Vitamin A and beta carotene are popular supplements
Previous studies have suggested these vitamins can keep arteries healthy and can protect against heart disease.
But a study by doctors in the United States has found no evidence to support these claims.
In fact, they found that beta carotene may actually damage health.
The findings are based on a review of 15 different studies, each involving more than 1,000 people, by doctors at the Cleveland Clinic Foundation.
They found that people who take beta carotene may slightly increase their risks of developing heart disease or dying early.
There is little harm in taking the 'recommended' doses of vitamin supplements
British Heart Foundation
According to their analysis, people who took beta carotene had a 0.4% increased risk of dying early and a 0.3% increased risk of dying from heart disease compared to those who did not take the supplement.
While these percentages are small, the doctors said they were statistically significant.
The doctors said the findings applied to vitamin A supplements too, since the body converts beta carotene into vitamin A.
They found no evidence that vitamin E protected against heart disease.
Dr Marc Penn, who led the study, said the findings suggested people should stop taking supplements containing these vitamins.
"The use of vitamin supplements containing beta carotene and vitamin A, beta carotene's biologically active metabolite, should be actively discouraged because this family of agents is associated with a small but significant excess of all-cause mortality and cardiovascular death," he said.
Dr Penn also urged scientists who are carrying out trials on patients involving beta carotene to stop their work.
"We recommend that clinical studies of beta carotene should be discontinued because of its risks," he said.
The findings come just weeks after the UK's Food Standards Agency issued its own warning about the risks of taking vitamins in high doses.
It suggested that taking high levels beta-carotene and zinc over a long period may have irreversible harmful effects.
They also reiterated warnings that high doses of vitamin C, calcium and iron can harm health but said long-term damage can be avoided if people stop taking them.

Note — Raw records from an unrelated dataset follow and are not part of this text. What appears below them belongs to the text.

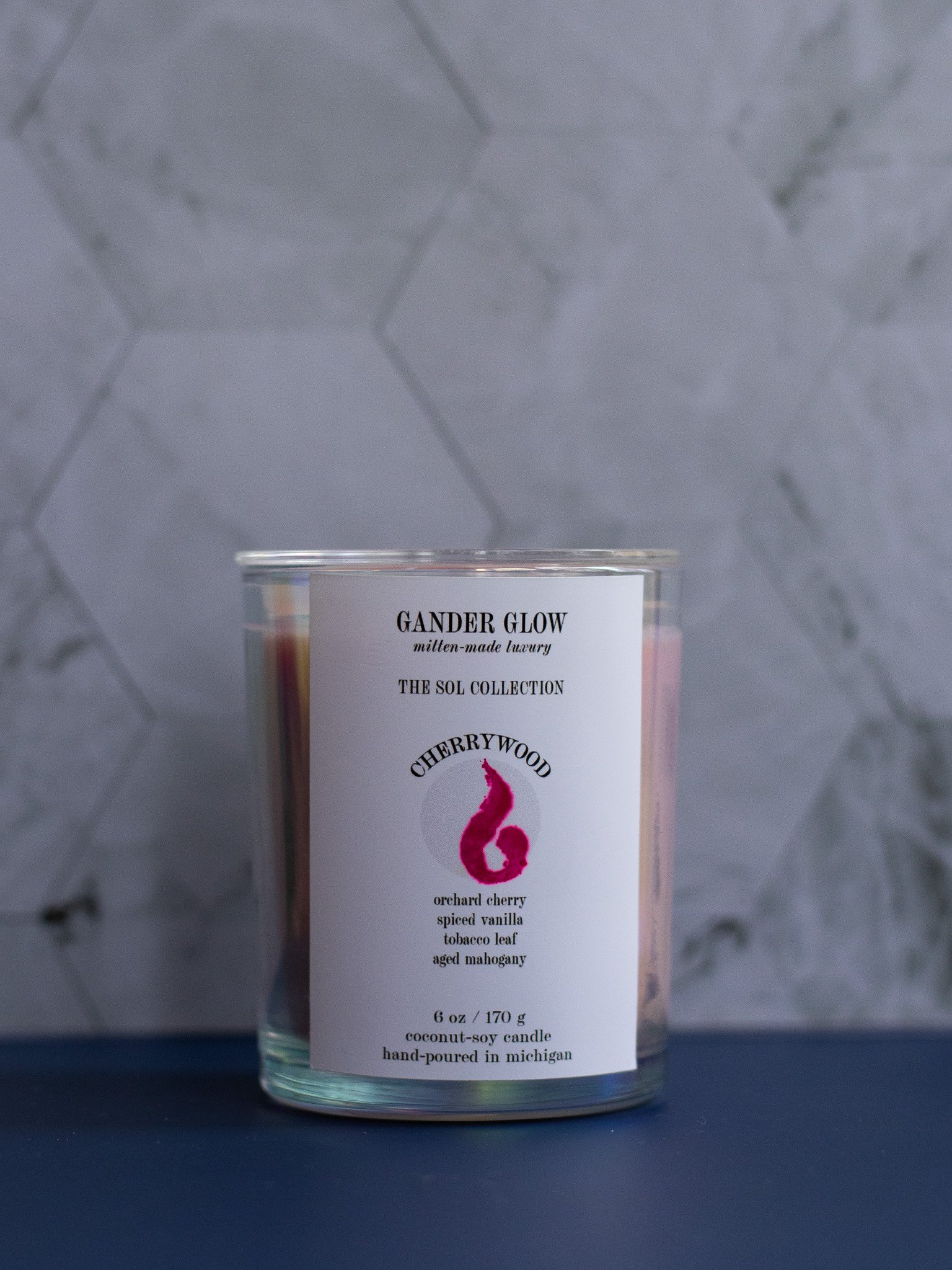 Cherrywood Scented Coconut-Soy Wax Candle product image (1)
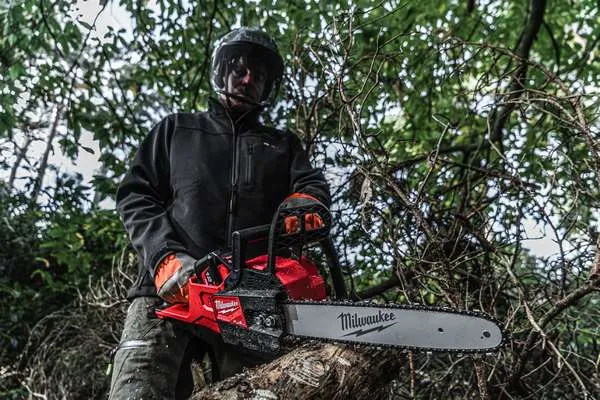 Elettrosega Milwaukee con barra M18 FCHS35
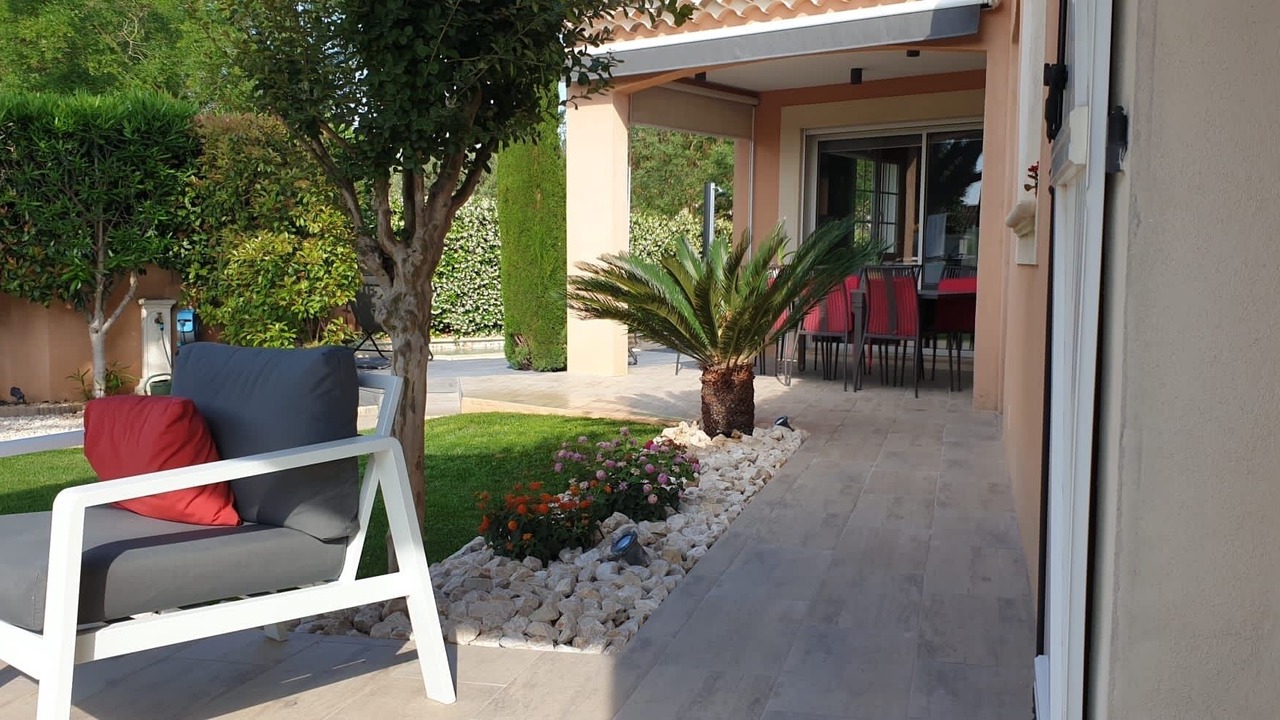 Photo of Patio Balcony in Entraigues-sur-la-Sorgue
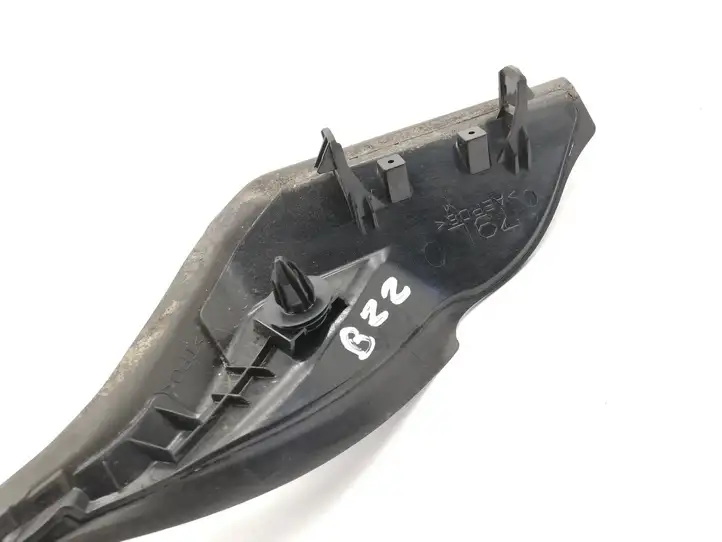 Toyota C-HR (2016 - 2022)   Другая внешняя деталь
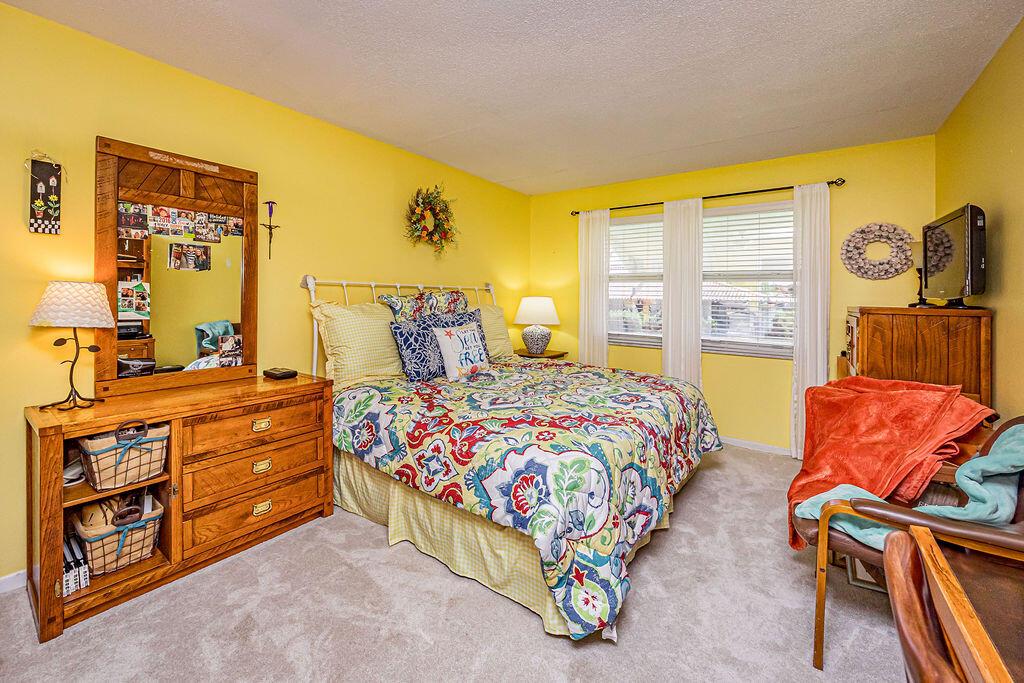 HIGH POINT CONDO SEC 4A - Residential Lease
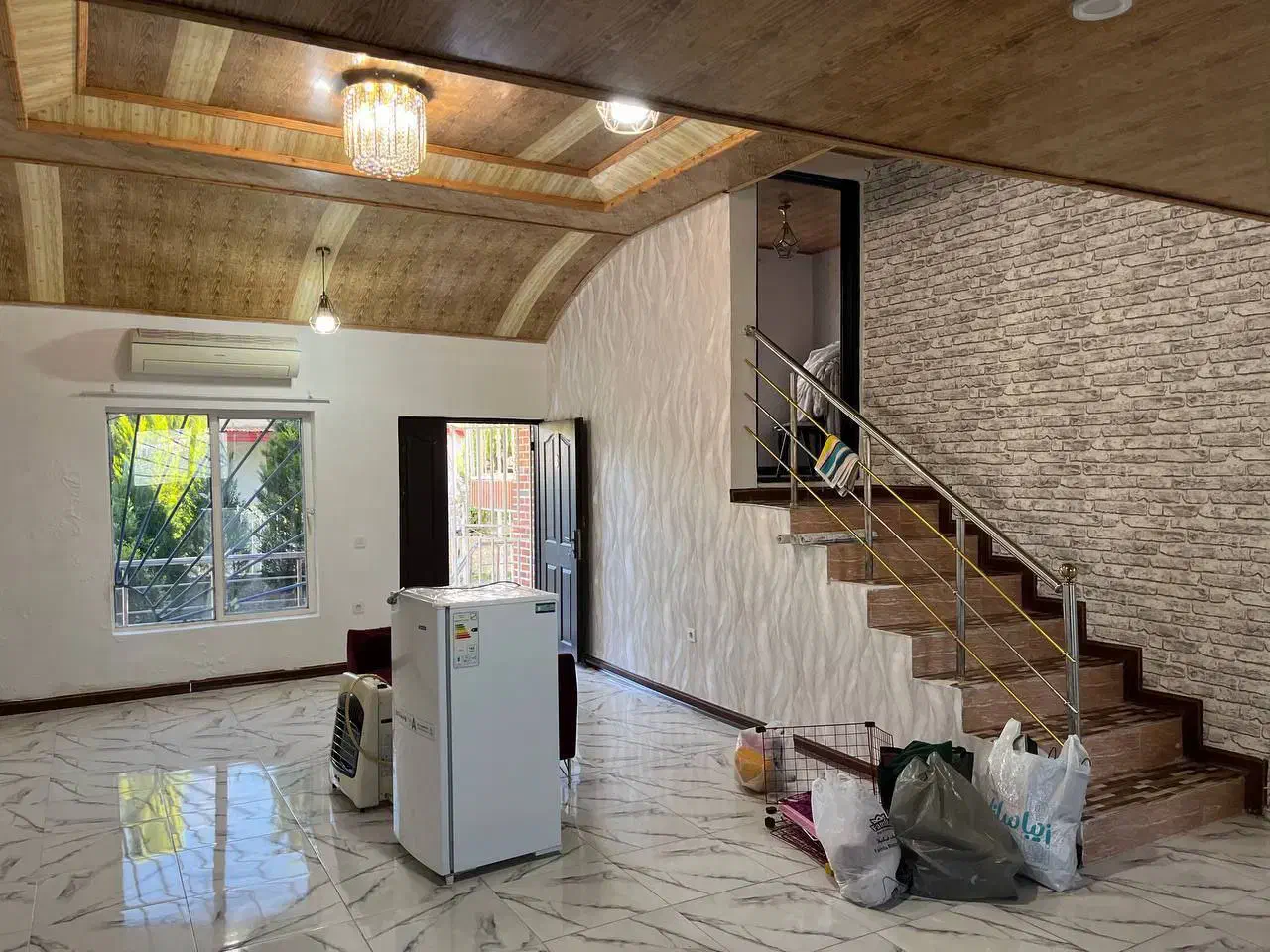 ویلانیم پیلوت شهرکی دنج نزدیک دریاچه|فروش خانه و ویلا|تهران, تهرانپارس جنوبی|دیوار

The British Heart Foundation said people who stick to the recommended vitamin doses should not be concerned.
Judy O'Sullivan, one of its cardiac nurses, said: "Several studies - including the large scale Heart Protection Study - have shown that there is little harm in taking the 'recommended' doses of vitamin supplements.
"But we would rather emphasise, to the thousands of people who regularly take vitamin supplements, that there is little benefit in taking them to protect against cardiovascular disease and they should concentrate on adapting a healthy lifestyle and a balanced diet."